:: Material for the task ::

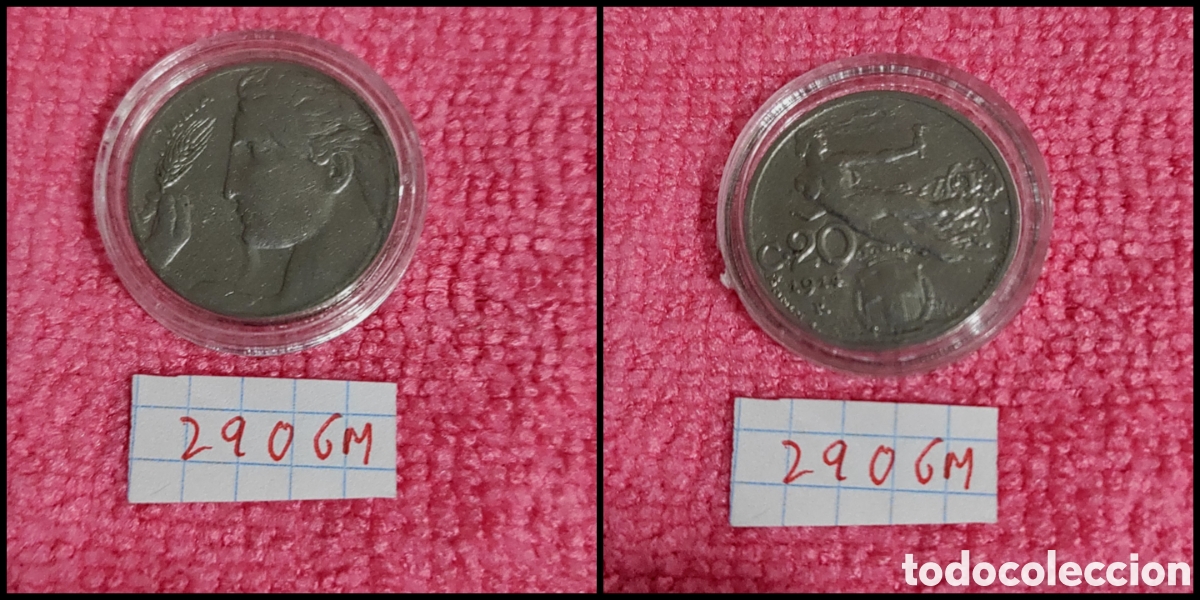 Monedas antiguas de Europa: 20 cent&eacute;simos italianos a&ntilde;o 1914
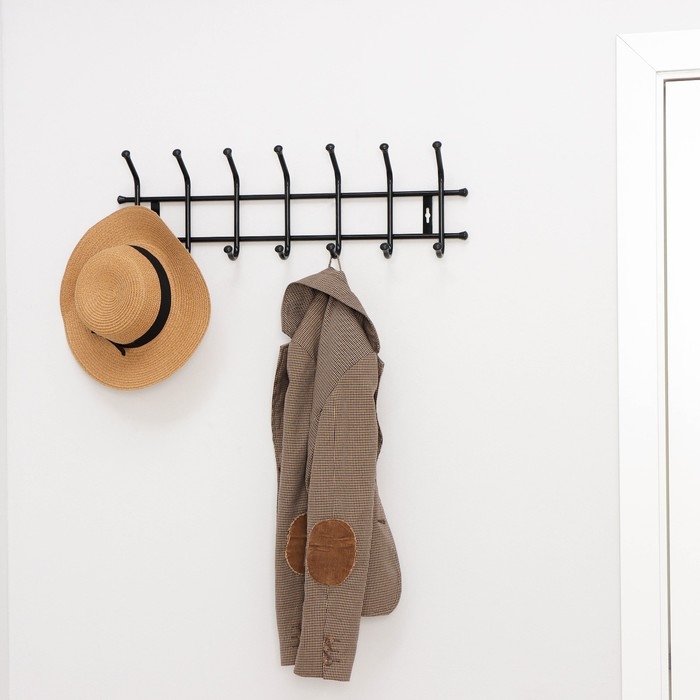 Вешалка настенная на 7 крючков, 69&times;21,5 см, цвет чёрный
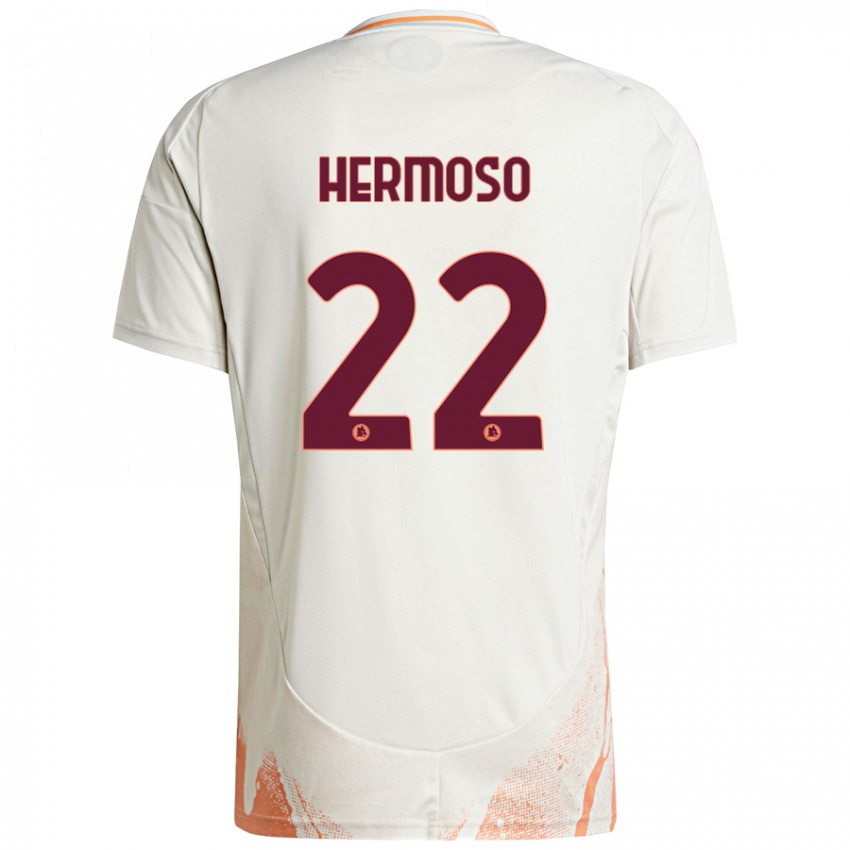 Niño Camiseta Mario Hermoso #22 Crema Blanco Naranja 2ª Equipación 2024/25 La Camisa México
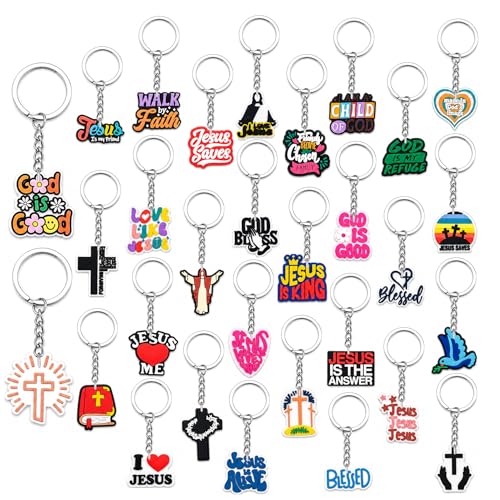 Canberly 30Pcs Jesus Religious Keychains, Inspirational Christian Keychains with Faith Sayings, Assorted Jesus Cross Keyrings for Church Gifts, Party Favors, Bible Study, Religious Event Giveaways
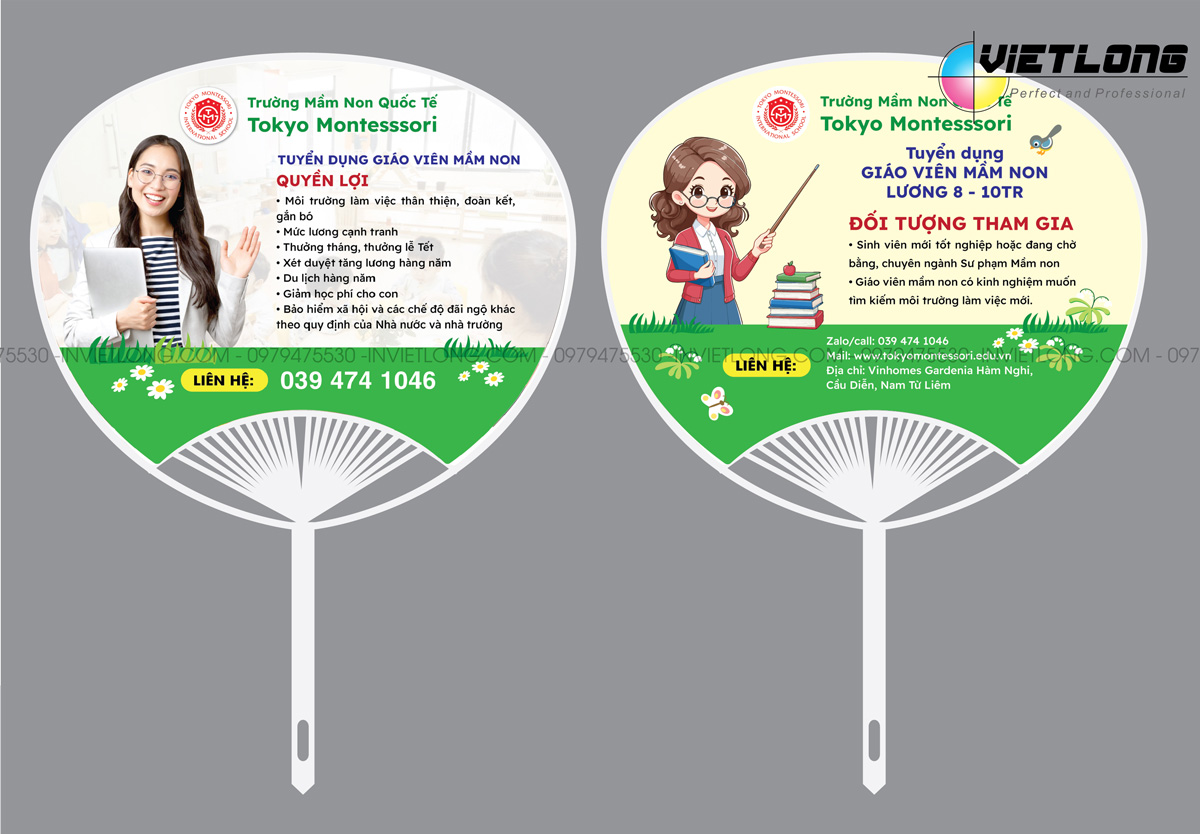 in quạt tuyển dụng giáo viên mầm non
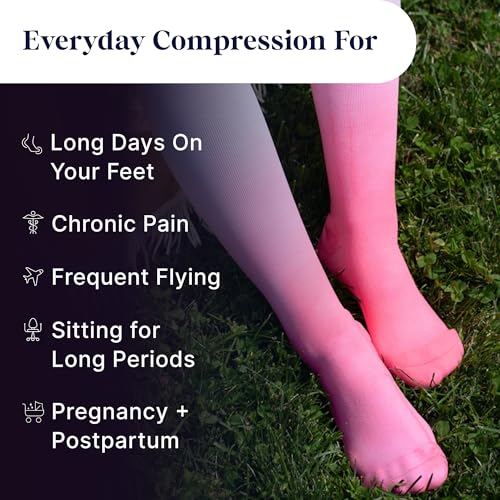 Comrad Breathable Knee High Firm Compression Socks - Targeted Arch Support - color: Rose/Navy Stripe, size: Medium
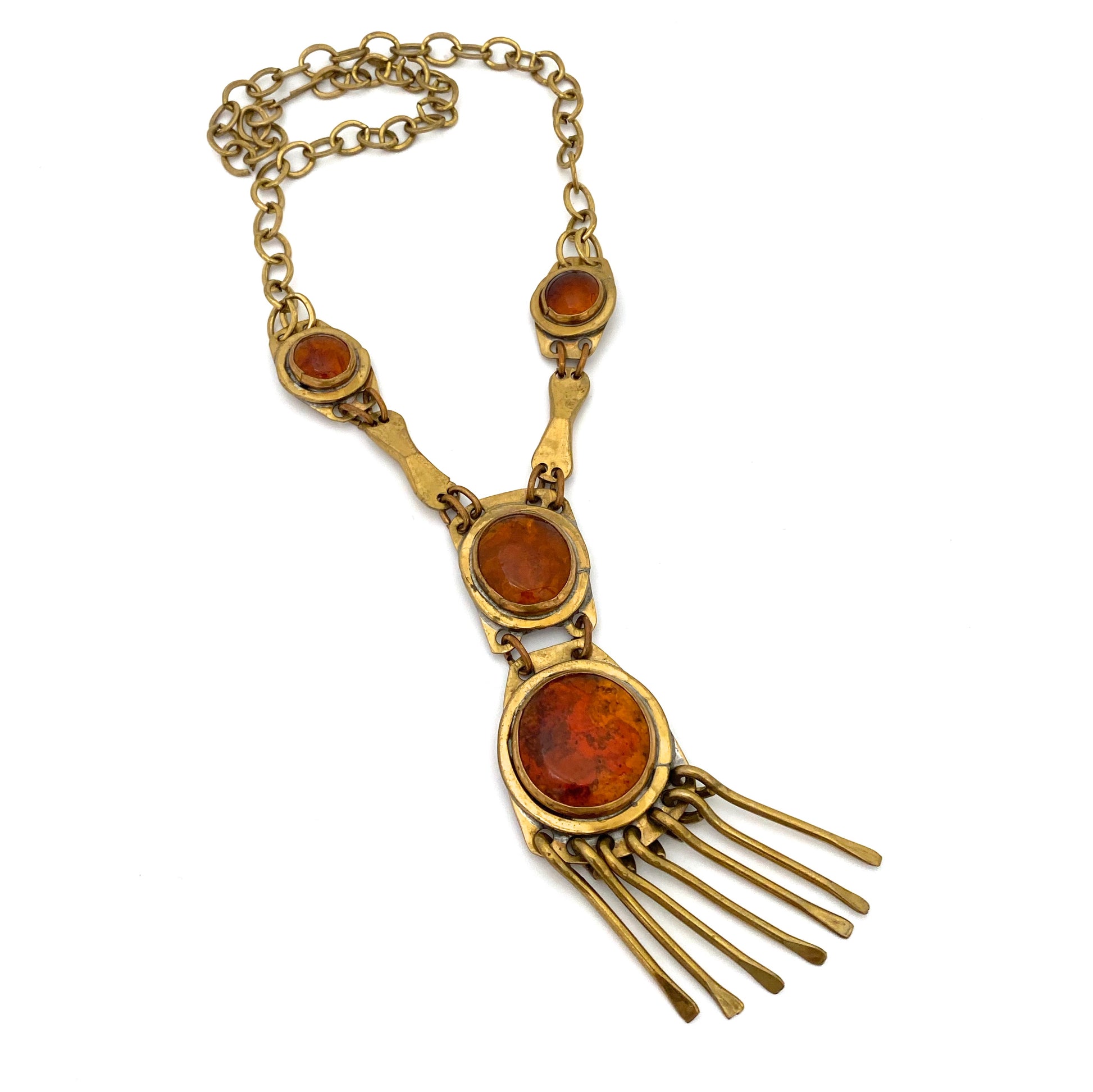 detail Rafael Alfandary Canada vintage brass amber glass four stone fringe necklace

:::

- **Work to be completed**: Line for line, retype the material exactly, omitting any pictures.

- **Answer space**:
 Monedas antiguas de Europa: 20 cent&eacute;simos italianos a&ntilde;o 1914
 Вешалка настенная на 7 крючков, 69&times;21,5 см, цвет чёрный
 Niño Camiseta Mario Hermoso #22 Crema Blanco Naranja 2ª Equipación 2024/25 La Camisa México
 Canberly 30Pcs Jesus Religious Keychains, Inspirational Christian Keychains with Faith Sayings, Assorted Jesus Cross Keyrings for Church Gifts, Party Favors, Bible Study, Religious Event Giveaways
 in quạt tuyển dụng giáo viên mầm non
 Comrad Breathable Knee High Firm Compression Socks - Targeted Arch Support - color: Rose/Navy Stripe, size: Medium
 detail Rafael Alfandary Canada vintage brass amber glass four stone fringe necklace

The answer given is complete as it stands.